The answer should hold only the lines from the one containing "Los animalitos se" through the one containing "希少》ノンリーフ ストレリチア ユンケア 観葉植物 calm cafe 室内" in the entries below, copied exactly, without pictures.

:: Data to use ::
- - -

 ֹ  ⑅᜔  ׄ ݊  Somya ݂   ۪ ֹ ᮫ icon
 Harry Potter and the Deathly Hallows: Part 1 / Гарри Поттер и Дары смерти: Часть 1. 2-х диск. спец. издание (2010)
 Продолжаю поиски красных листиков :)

- - -

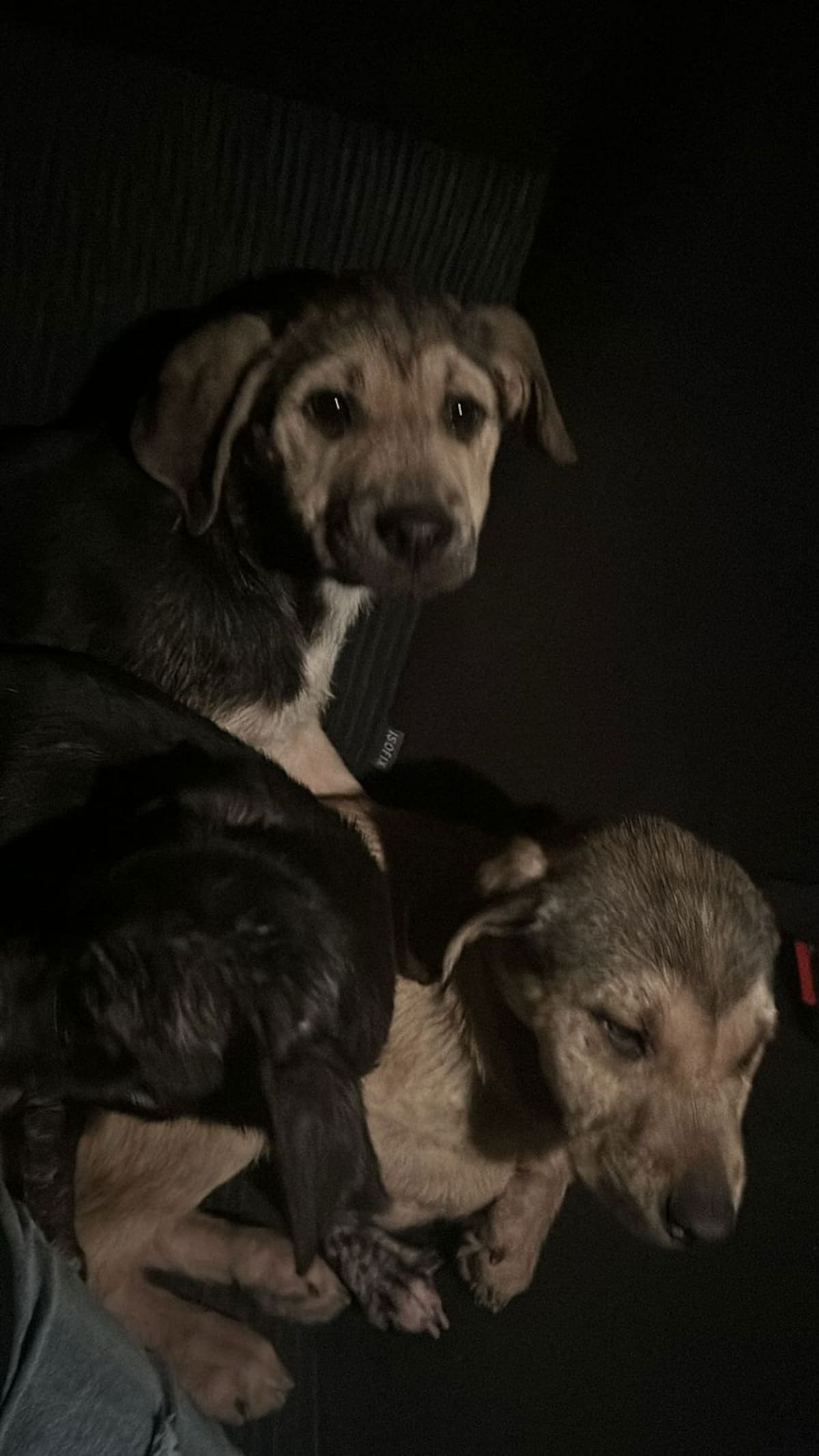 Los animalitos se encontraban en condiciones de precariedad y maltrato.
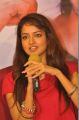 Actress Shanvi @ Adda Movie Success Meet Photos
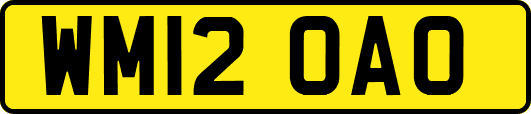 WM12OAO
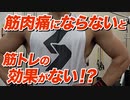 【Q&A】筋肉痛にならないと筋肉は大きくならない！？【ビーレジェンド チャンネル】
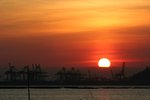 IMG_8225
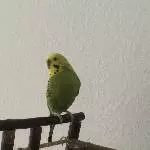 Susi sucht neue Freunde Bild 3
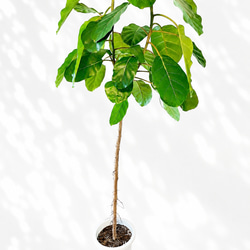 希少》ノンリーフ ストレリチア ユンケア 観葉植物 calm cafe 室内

- - -

:: Task response ::
 Los animalitos se encontraban en condiciones de precariedad y maltrato.
 Actress Shanvi @ Adda Movie Success Meet Photos
 WM12OAO
 【Q&A】筋肉痛にならないと筋肉は大きくならない！？【ビーレジェンド チャンネル】
 IMG_8225
 Susi sucht neue Freunde Bild 3
 希少》ノンリーフ ストレリチア ユンケア 観葉植物 calm cafe 室内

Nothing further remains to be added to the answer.